A particularly vivid memory was a trip to Shelby in a two horse covered wagon to enjoy the first and only circus she had ever seen. Her father, brother and uncle left home at 2 a.m. for the "straw ride" into Shelby for a day of fun.
It was not too long ago that Mrs. Willis showed her granddaughter the same type of covered wagon ride in a Raleigh museum and had a hard time convincing her that she really had ridden in one as a girl.
Other trips to Shelby that stand out in her memory are a Fourth of July excursion - when it rained all day. And on another occasion Cleveland Mills gave employees a free trip to town to see a baseball game, which Mrs. Willis recalls was played on the same field where Shelby Ball Park now stands. A standout memory is that the trip was made by way of the Lawndale Railroad, privately owned line that served the Cleveland Mills enterprises.
Little remains today of the community where Mrs. Willis grew up and worked as a young girl. It was about the time of the financial panic of 1905 that operations at Mill Number 1 were closed down and all the Schenck textile manufacturing was centered at the larger brick plant in Lawndale.
Mrs. Willis recalls that the Number 1 building stood empty for a number of years and was later dismantled. The mill-owned houses in the community were dismantled or moved. The particular house in which the Southard family lived later burned. Cenie Willis' brother had purchased the house and land which joined his own home and it was destroyed by fire.
Since her parents before her worked at the Cleveland Mills plant, Mrs. Willis has heard a number of interesting facets of operation that date back before her personal memories. Although she never recalls a fire in the small textile plant, she remembers being told that there was a fire where men grabbed roping cans and used water from the dam pond to extinguish the blaze.
Before the time when she was employed at the mill there was a period when it was in operation around the clock, running night and day.

Milestone

Closing of the plant must have been a milestone in the lives of those who worked there since it was a family-type operation with many of the employees related, including a number of members of the same immediate family, as in the case of the Southards.
But on the very last day of operations Mr.s Willis recalls an amusing incident centered about the bell that rang to summon employees to work and for other community events. Since it was a time of financial panic, or depression, this thought weighed heavily on the minds of all.
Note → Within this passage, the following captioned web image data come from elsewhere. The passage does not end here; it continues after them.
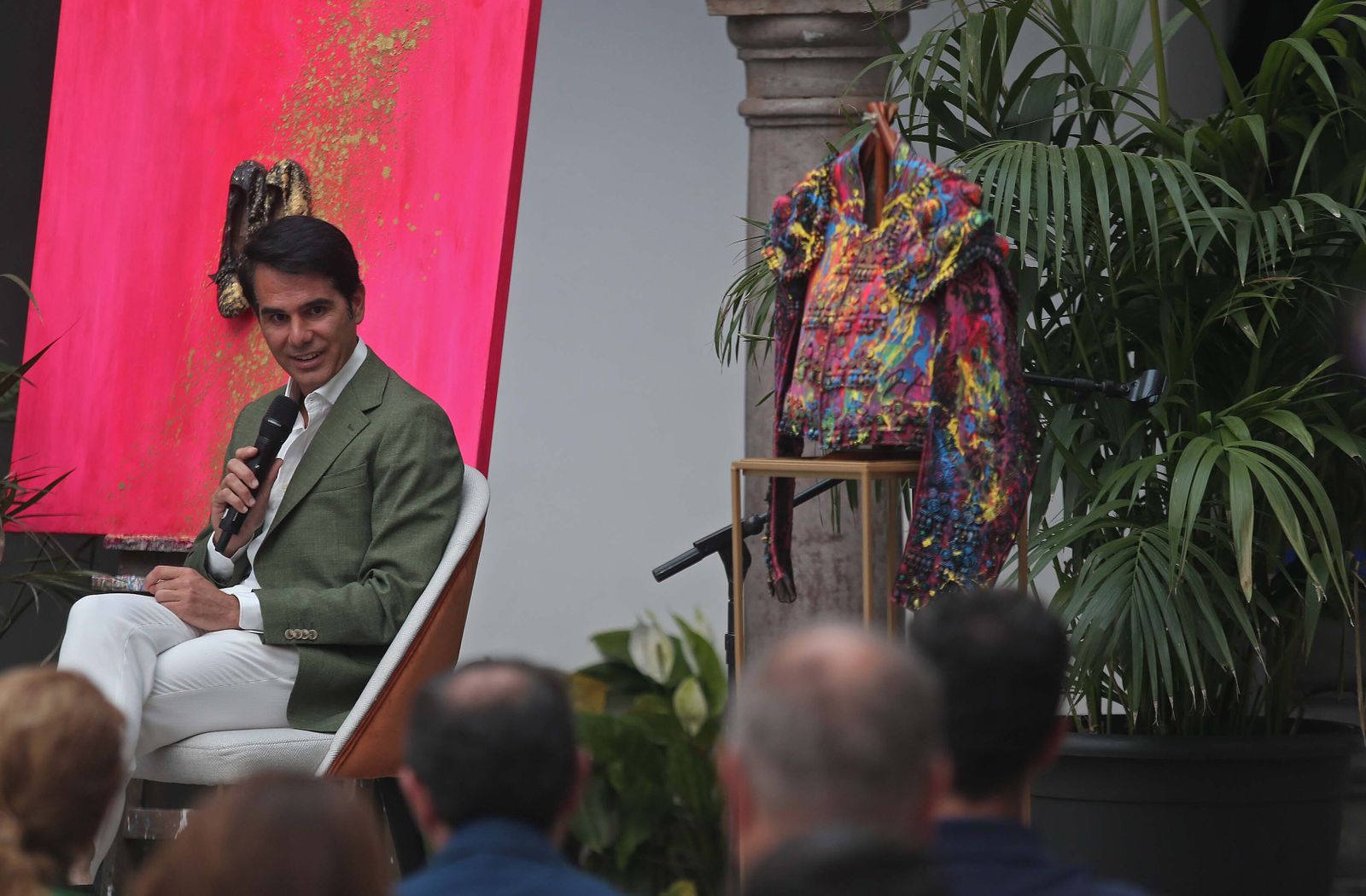 “Ser taurino es progre: veinte años de la alternativa de Vega”, en imágenes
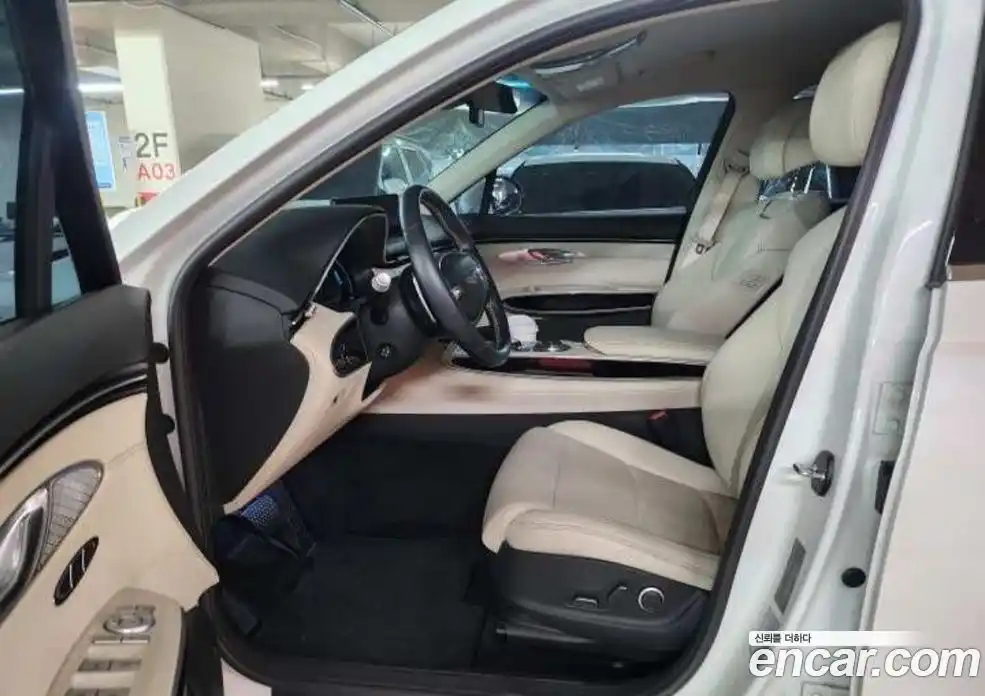 Genesis GV70 2023 3.5 Автомат в Москве № 364776, фото 4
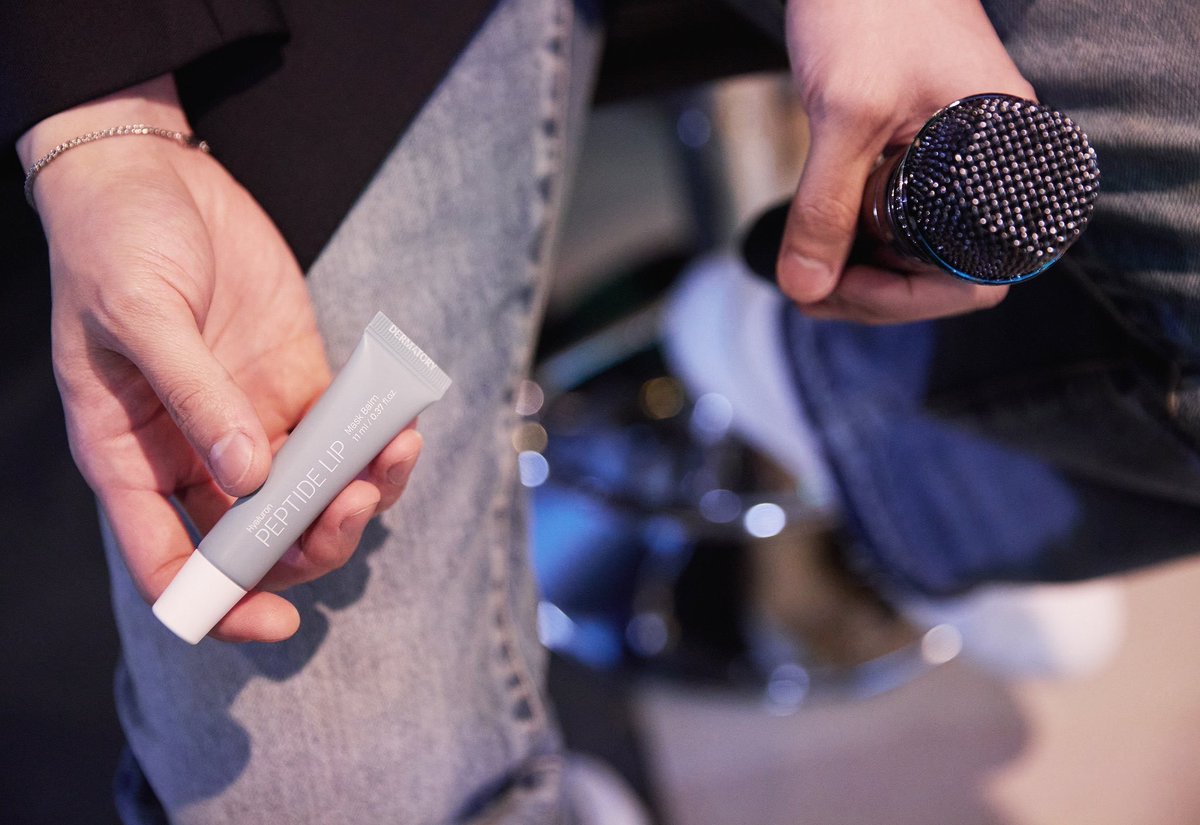 PupPeary_Shop's tweet image. DERMATORY Hyaluron Peptide Lip Mask Balm 10ml
ลิปบาล์ม เพิ่มความชุ่มชื้นขั้นสุด ให้ปากดูอวบอิ่ม พร้อมผลัดเซลล์ผิว เนื้อเจลสีใส ไม่เหนอะหนะปาก

สภาพปรกติ
หมดอายุ 06/2027

ราคา 99 บาท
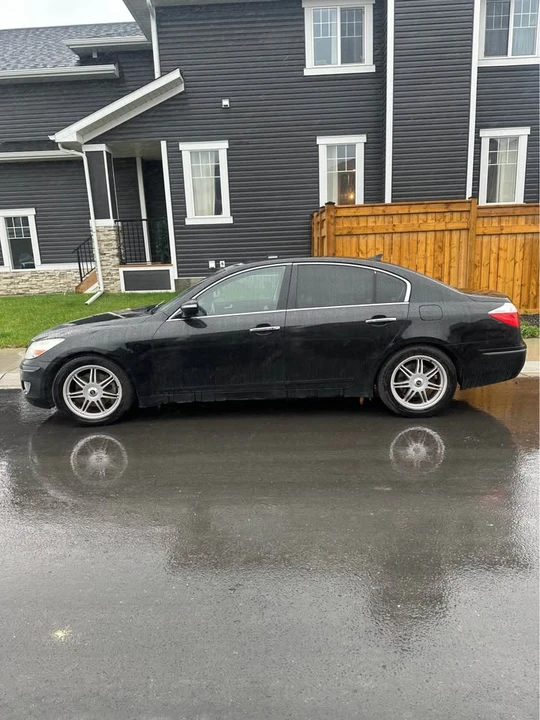 2009 Hyundai Genesis - Image 2 of 8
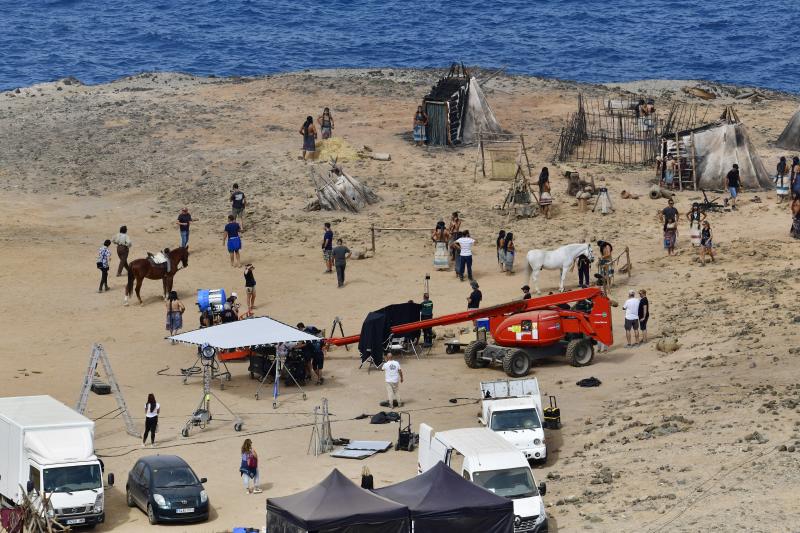 Imagen secundaria 1 - Imágenes del rodaje de 'Zorro' en la costa de Arucas.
As a man pulled heartily on the bell rope, it suddenly broke. The startled response of a young man who couldn't speak plainly was, 'Dawd, the panic's hit the bell."
It was two years after the mill closed that Cenie Southard married the late D.L. "Doc" Willis whom she had known as a child growing up in the community. The Willis family farm was about six miles away and they had known each other from the time they were youngsters. Married at 18, Cenie Willis and her husband moved to Shelby in 1908 where they both worked for a number of years at Ella Manufacturing Co., the plant founded by the late John R. Dover Sr. and forerunner of today's Dover Textile Group.
Life has been full for Mrs. Willis who reared a family of four children, Floyd, D.L. Willis Jr., the late Roy Willis and a daughter, Ray, who is Mrs. Snoop Champion.
Today at her home at 415 S. DeKalb St., her green thumb keeps rows of potted plants and ferns along the edge of her porch while she stays busy sewing and making buttons for the public.
When Mrs. Willis tells any of her five grandchildren about her youthful experiences they react as if she has opened the pages of a history book.
But for a woman who looks and acts far younger than her 75 years, a treasured photograph hanging on the wall of her living room brings alive the period of life at the turn of the century as if it were yesterday.